## Task objective
In the records below, find the line containing "[1UU230-150] Dell Certified" and print it and every line after it exactly, through the end. Skip pictures.

## Working data

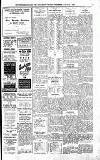 Montrose Standard Friday 25 July 1930 Page 3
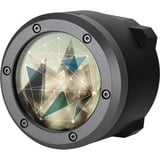 Thermaltake TH420 V2 Ultra ARGB Sync AIO Liquid Cooler, Wasserkühlung schwarz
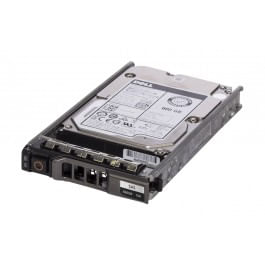 [1UU230-150] Dell Certified 600GB SAS 15K SFF HDD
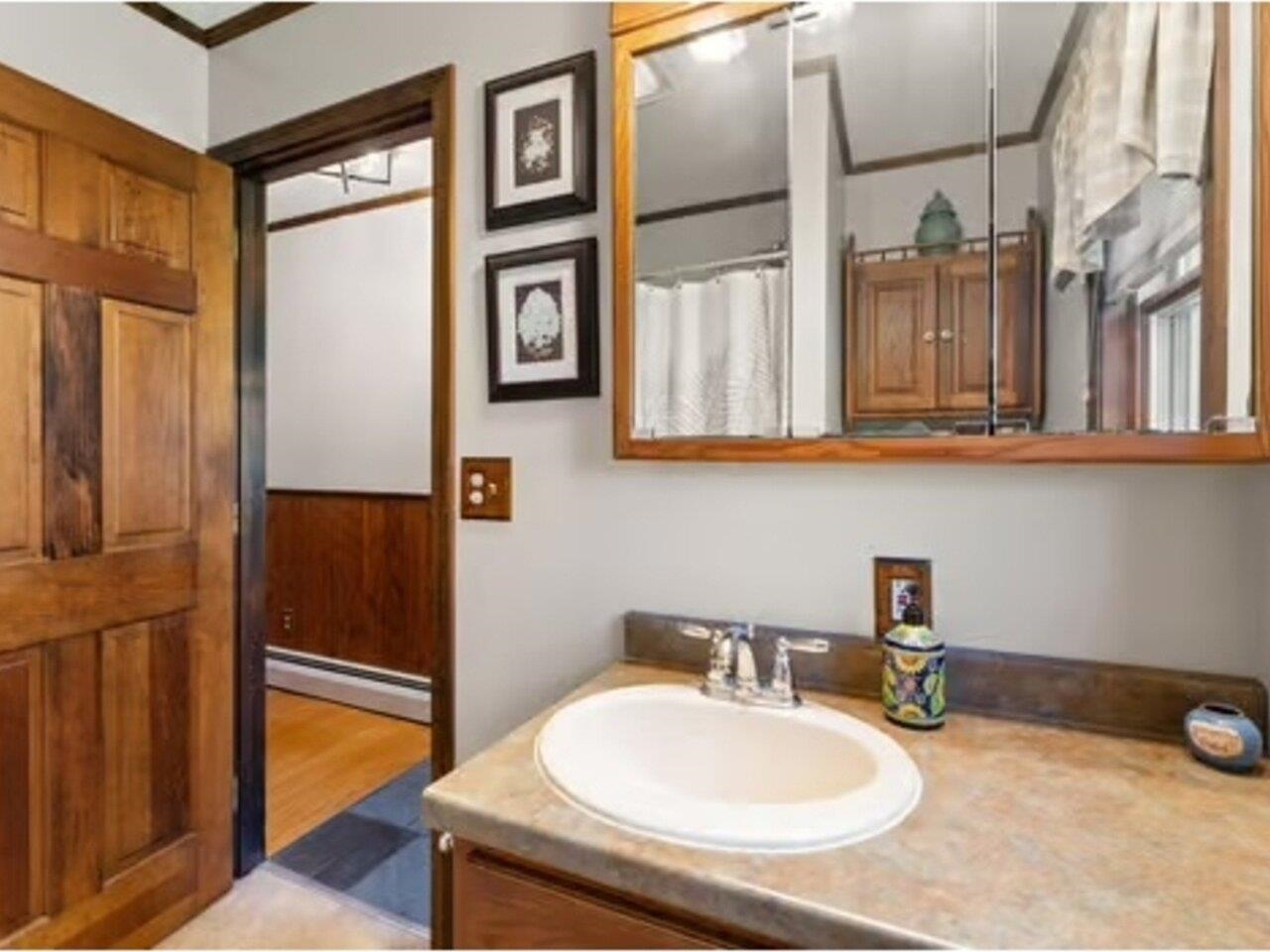 959 Fern Lake Road Property Photo 37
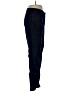 Talbots Blue Casual Pants Size 10 - photo 4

## Answer space
 [1UU230-150] Dell Certified 600GB SAS 15K SFF HDD
 959 Fern Lake Road Property Photo 37
 Talbots Blue Casual Pants Size 10 - photo 4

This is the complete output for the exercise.